Items from a data source
============

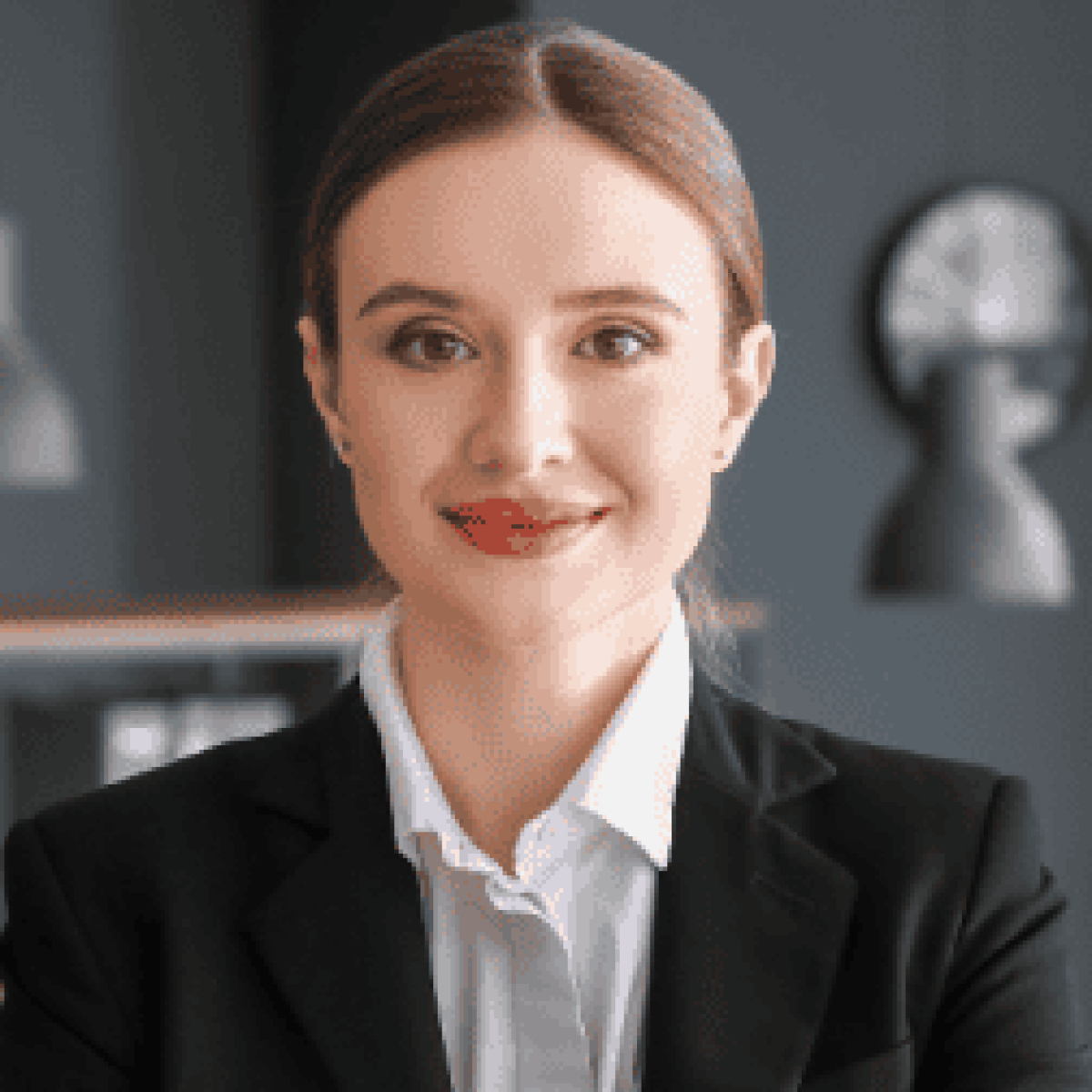 A person in a black blazer and white shirt smiles confidently in an office setting with gray walls and modern lighting.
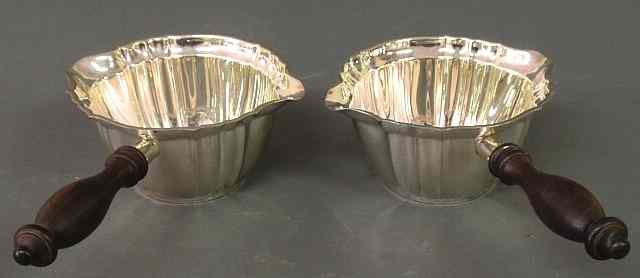 Appraisal: Pair of sterling silver Chippendale pattern sauce brandy warmers by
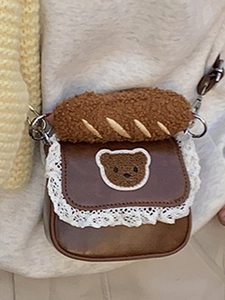Brown mini crossbody bag with white lace trim and cute teddy bear patch on the flap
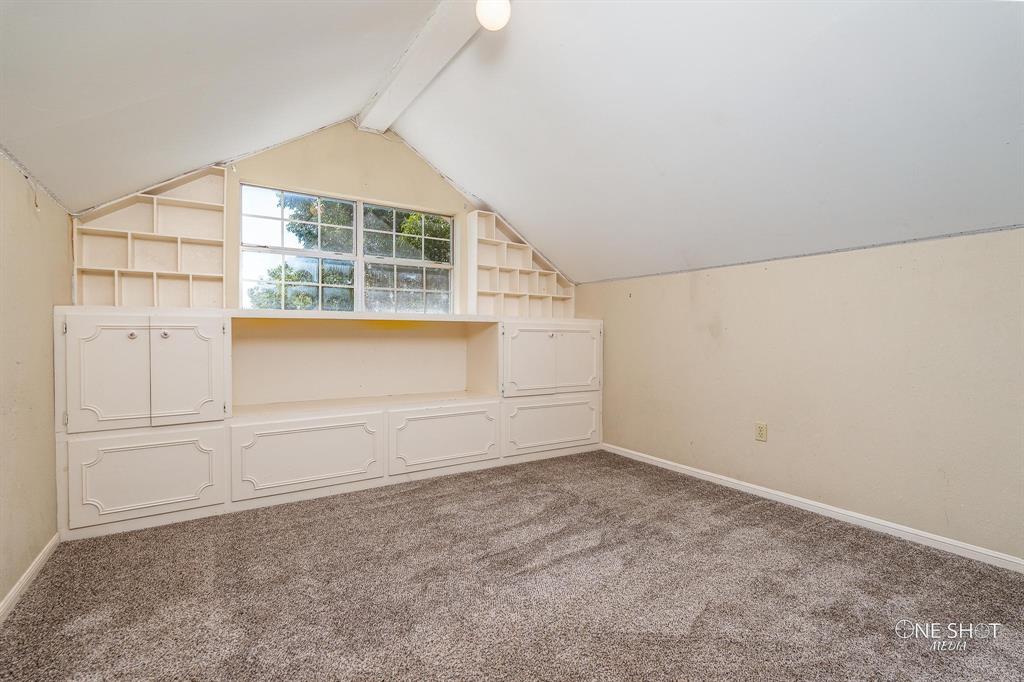 3741 Caldwell Road Abilene, TX 79601 - Photo 28 of 36 Additional living space featuring vaulted ceiling with beams, carpet, and built in features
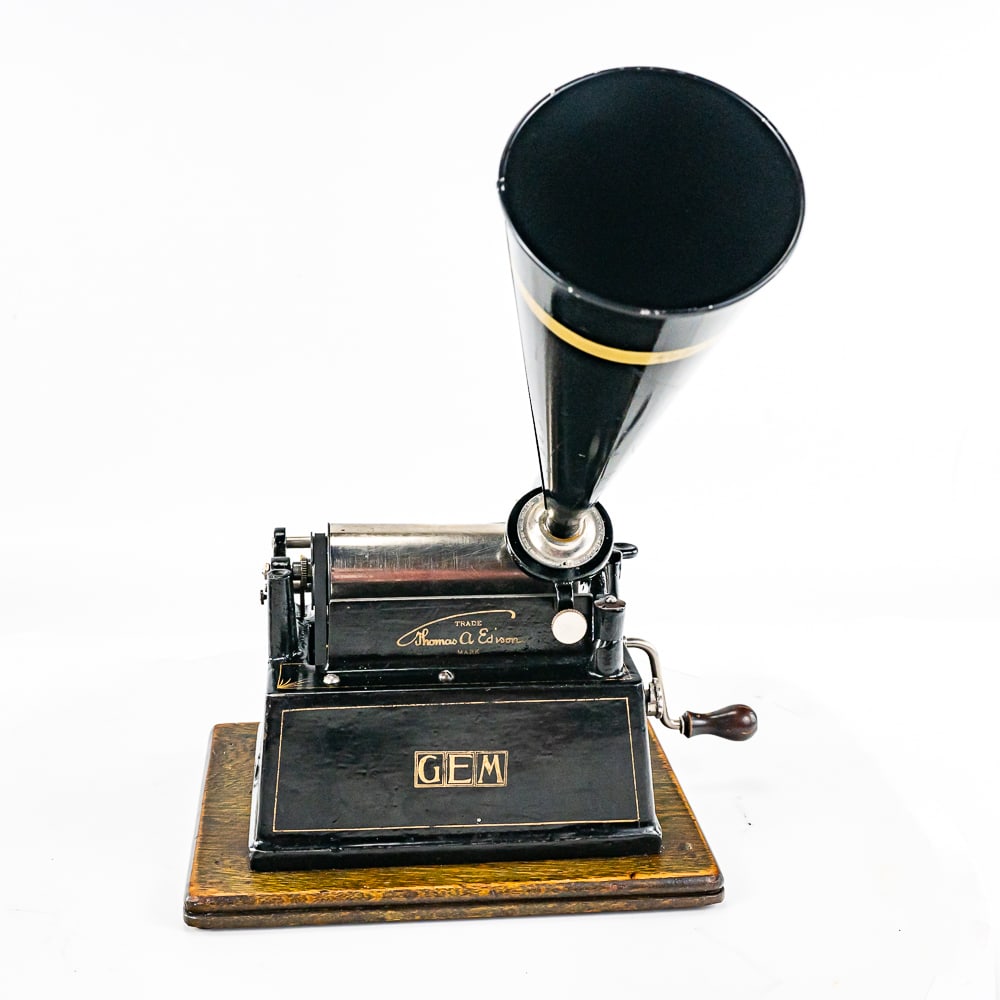 Edison Gem Model B Cylinder Phonograph: This machine with its oak cover has its original finish and banner decal both of which are showing some wear and evidence of having been lightly recoated. The top handle appears to be a replacement. T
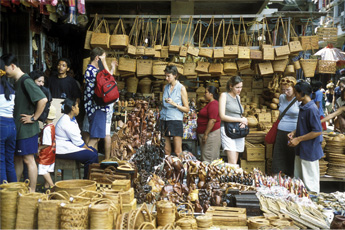 Tourists shopping for wooden carvings at a local market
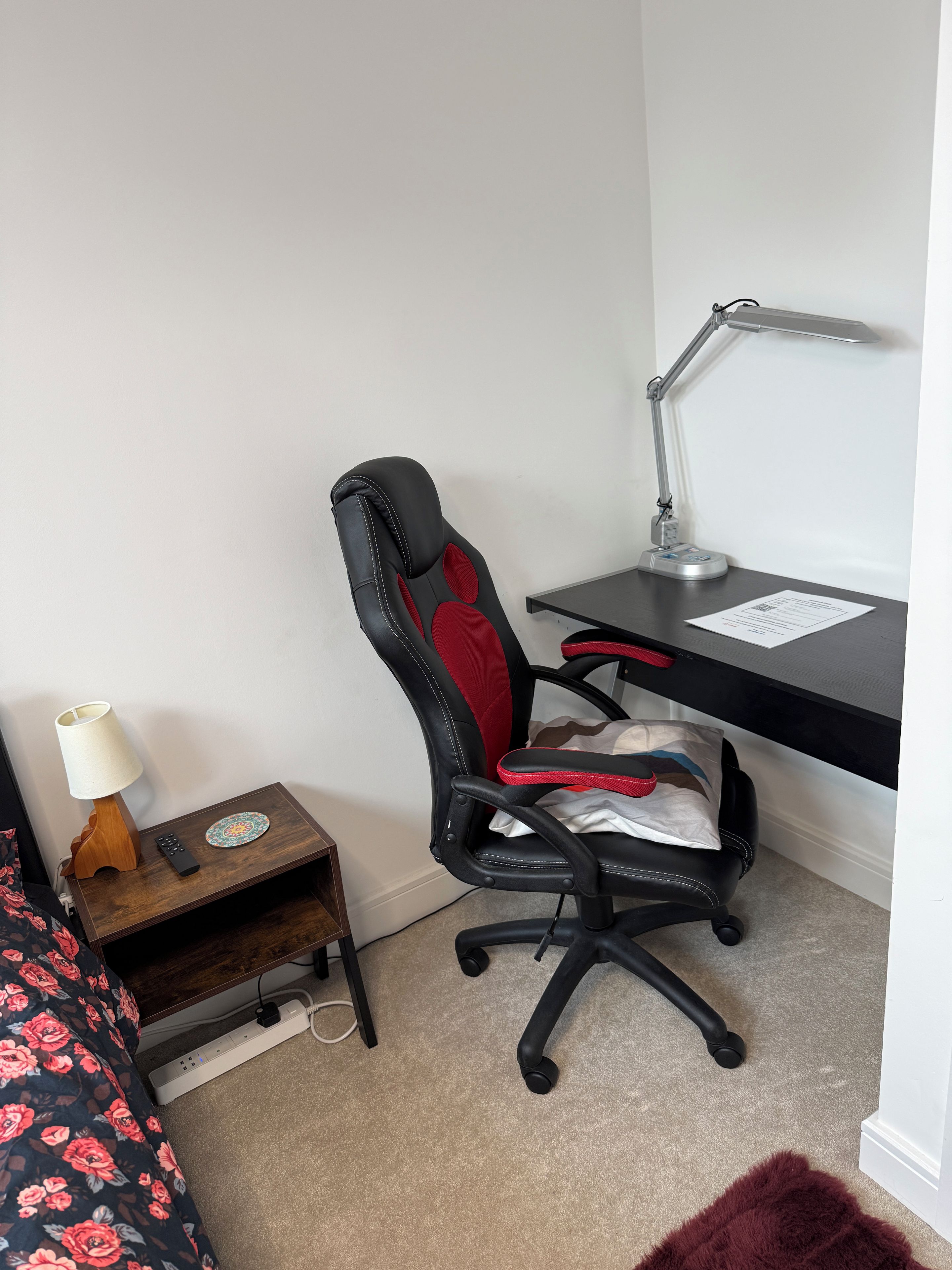 A room with a desk, a chair, a lamp, a remote control, and a power strip.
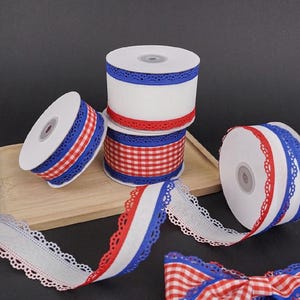 May include: Spools of decorative ribbon in red, white, and blue. Some spools feature a gingham pattern, while others have solid colors with a scalloped edge. The ribbons are ideal for crafts and gift wrapping.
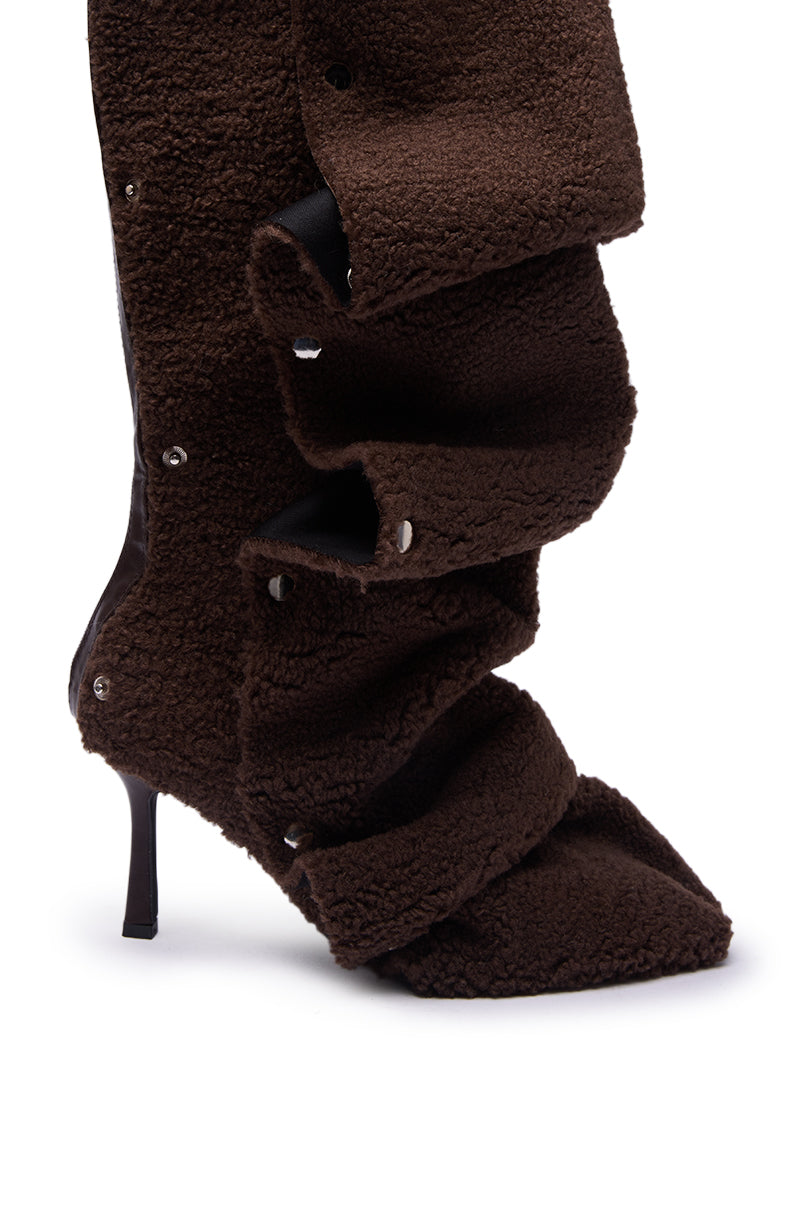 A close-up of the AZALEA WANG FABIAN BROWN SHERPA FOLDED DETAIL BOOT, a dark brown, textured shearling stiletto with a pointed toe and oversized layered flaps with snap buttons along the side.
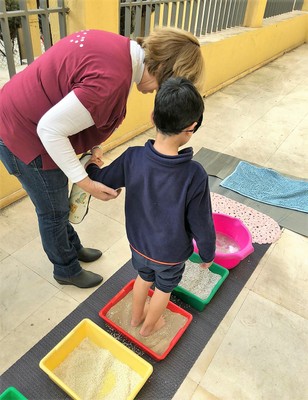 Otro niño recorriendo a ciegas el pasillo de sensibilidad con los pies
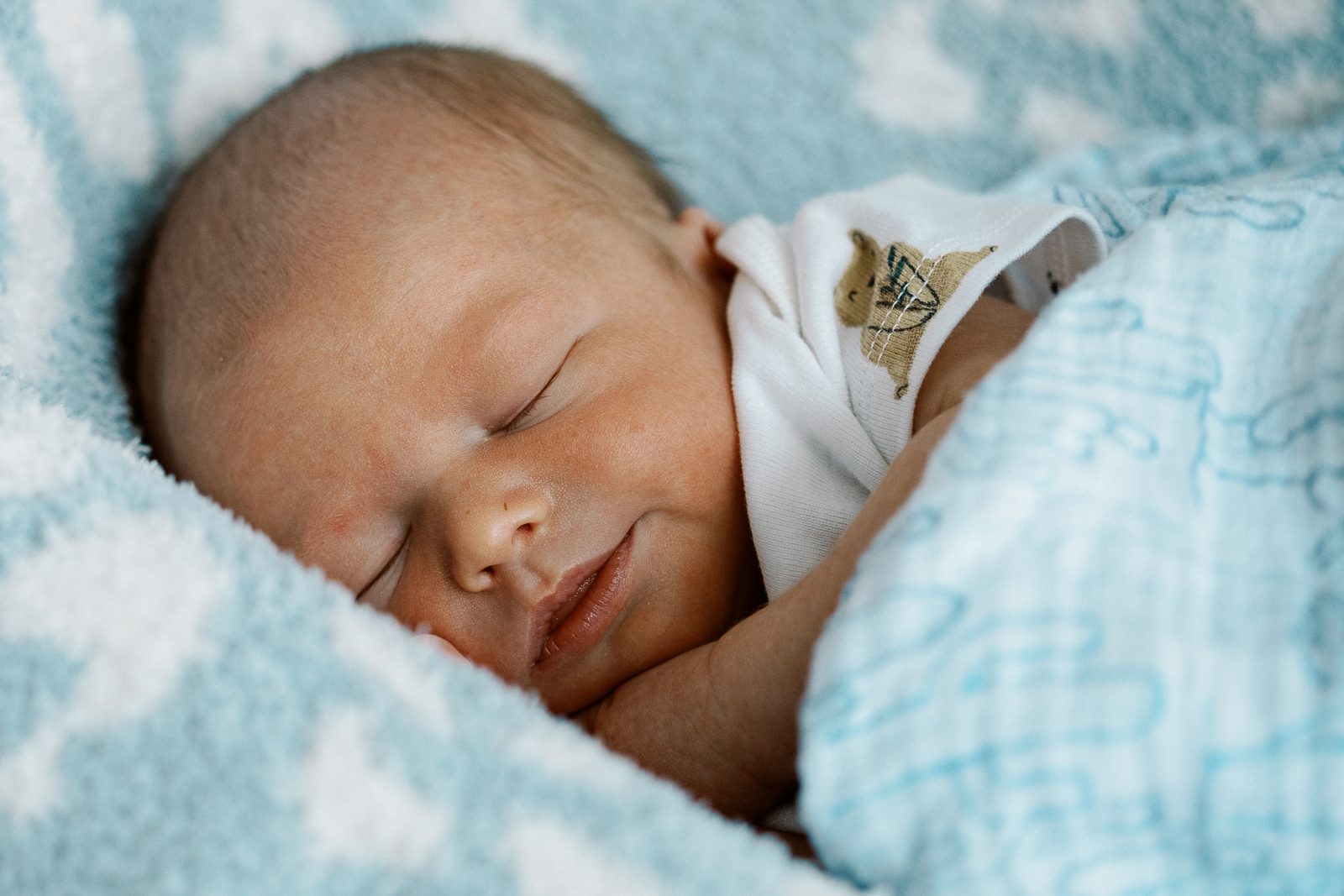 smiling newborn baby boy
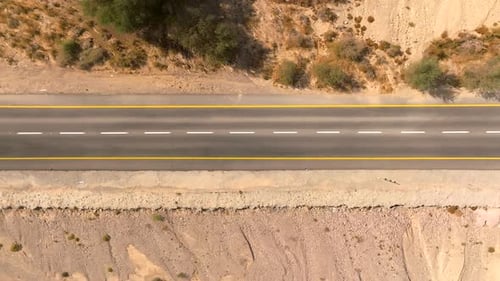 Empty Desert highway mountain road with Blue cloudy sky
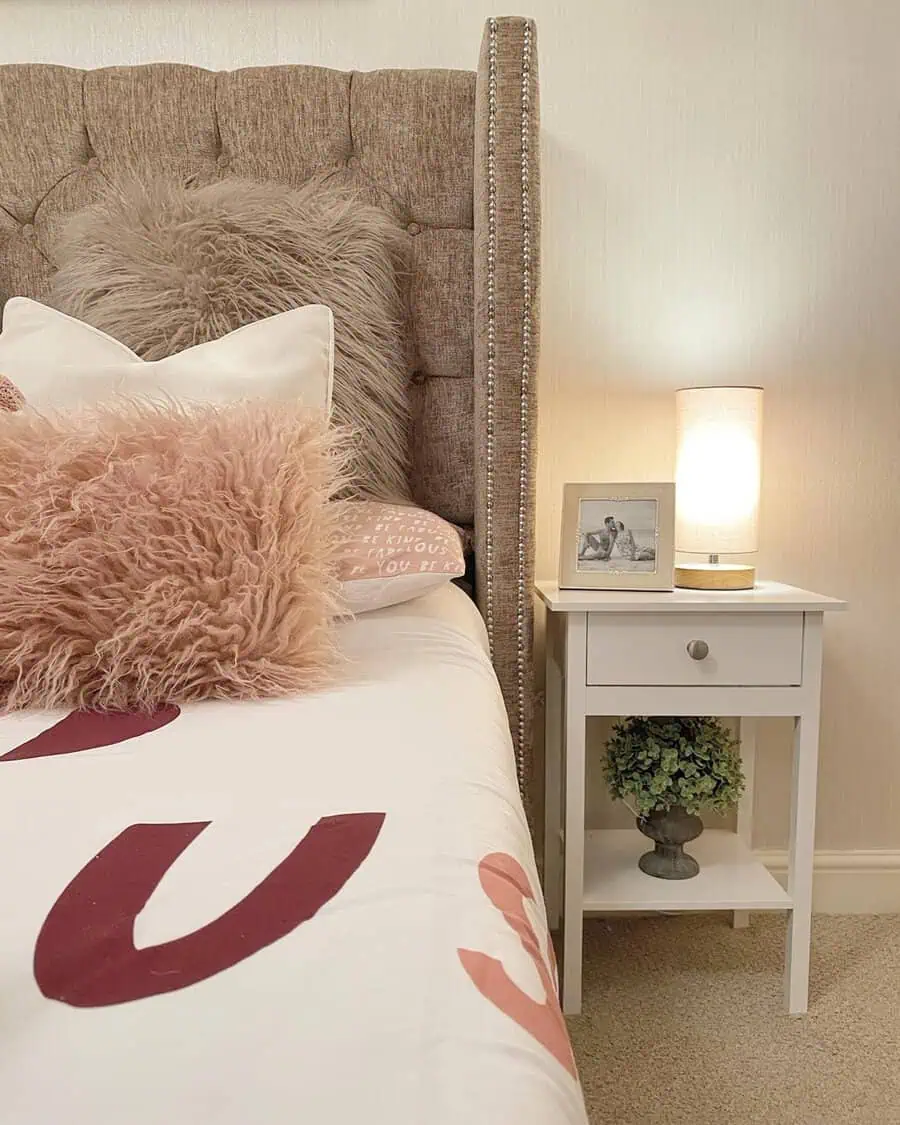 Soft blush and neutral fluffy pillows add warmth and texture to a cozy, elegant bedroom setup.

============

### YOUR TASK
For this exercise, transcribe exactly the part of the records above that opens with the line containing "Appraisal: Pair of" and closes with the one containing "3741 Caldwell Road". Pictures are not part of the copy.

### REPLY
 Appraisal: Pair of sterling silver Chippendale pattern sauce brandy warmers by
Brown mini crossbody bag with white lace trim and cute teddy bear patch on the flap
 3741 Caldwell Road Abilene, TX 79601 - Photo 28 of 36 Additional living space featuring vaulted ceiling with beams, carpet, and built in features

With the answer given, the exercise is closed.